While wall-mounted toilets can help save space in the bathroom and can help contribute to a sleek, modern decor, these "hovering" bowls also come with some disadvantages. As the online construction resource website eBuild notes, unlike standard, floor-mounted toilets, wall-mounted toilets discharge waste through a rear outlet in the wall, as opposed to an outlet in the floor. And while the extra legroom and storage space they create are beneficial, the cons of wall-mounted toilets could still outweigh the pros.
According to plumbing resource website First Call, installing wall-mounted, or wall-hung, toilets is a more complex procedure in comparison to installing standard toilets.

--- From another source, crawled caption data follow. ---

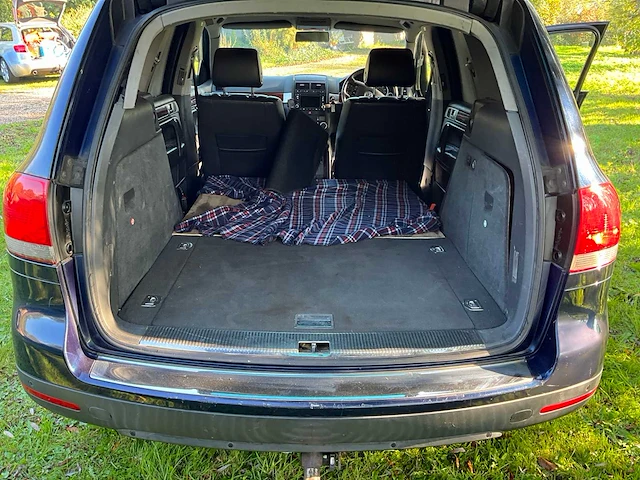 Volkswagen 2.5 tdi touareg 2004, vhn-98-p - afbeelding 26 van  40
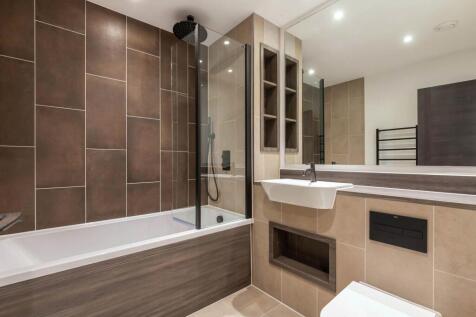 Main bathroom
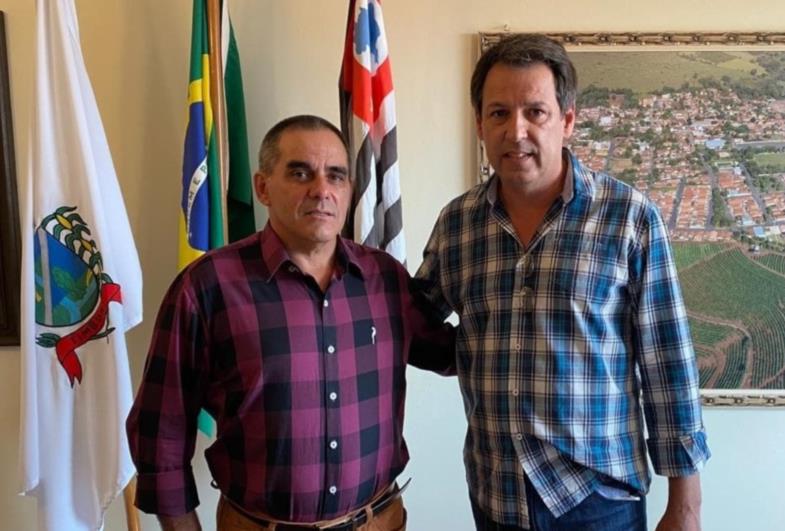 Romualdo Pozza assume o cargo de prefeito em Timburi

This is because the tanks of wall-mounted toilets, and their flushing mechanisms, must be built into bathroom walls, as opposed to simply being placed in front of them. Also, as First Call mentions, the seats of wall-mounted toilets require specialised framing.
Wall-mounted toilets are also more expensive than their basic counterparts. According to the plumbing resource website Plumbing Point, consumers can expect to pay £65 to £325 more for a wall-mounted toilet unit than a floor-mounted unit. Typically, the more elegant or chic the wall-mounted units are, the more they cost.

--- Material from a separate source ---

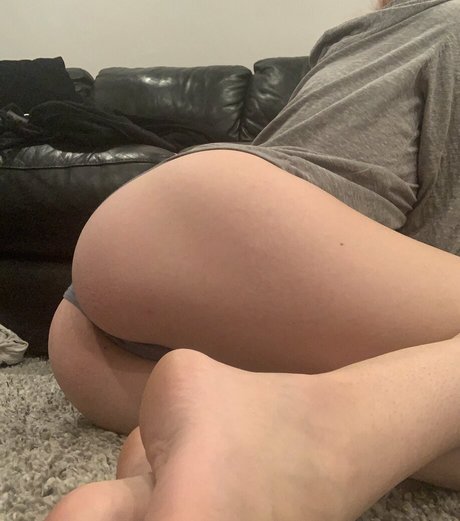 Foto desnuda filtrada de OnlyFans de Heyminu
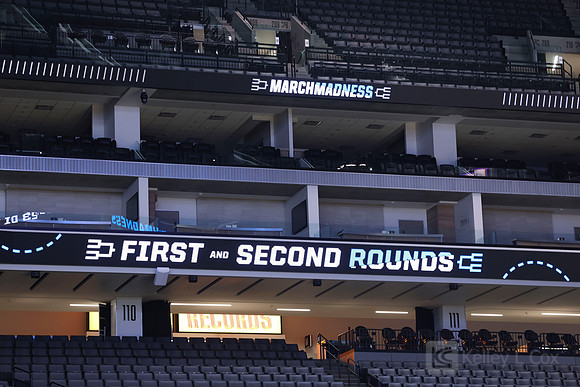 NCAA Basketball: NCAA Tournament First Round Sacramento Practice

As online resource website Canada Top mentions, one of the main downsides of a wall-mounted toilet is that if a plumbing issue occurs---such as an overflowing toilet or busted flushing mechanism---the crucial components of the toilet are not easy for you or your plumber to reach. Unless you've included an access panel, serious plumbing problems could require breaking through the wall. Also, as Plumbing Point notes, repairing wall-mounted toilets is not an inexpensive affair, because most units utilise specifically tailored seal ring gaskets, as opposed to standard wax ring gaskets that floor-mounted toilets use. While replacing a wax gasket typically costs around £1.90, replacing a seal ring gasket in a wall-mounted toilet can cost upwards of £13.

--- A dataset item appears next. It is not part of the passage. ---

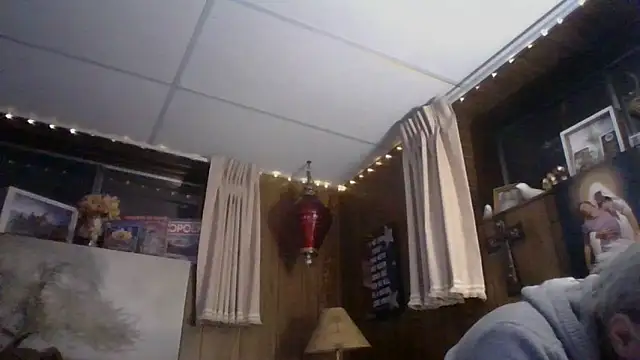 Snapshot of Makowboy chatting on February 11, 6:08 am Makowboy online show from February 11, 6:08 am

Even with their sturdy framing, the seats on wall-mounted toilets can become subject to stress, which could lead to cracking, leaking or other problems. According to Plumbing Point, the majority of bathroom walls in the U.S. are not designed to support wall-mounted toilets, so a particularly heavy individual sitting on a wall-mounted seat could potentially cause the toilet to pull out from--or become loosened from--the wall. Standing, jumping and other types of activities that put weight on the toilets could cause damage to the bolts in the framing, and could also cause porcelain on the seat to crack.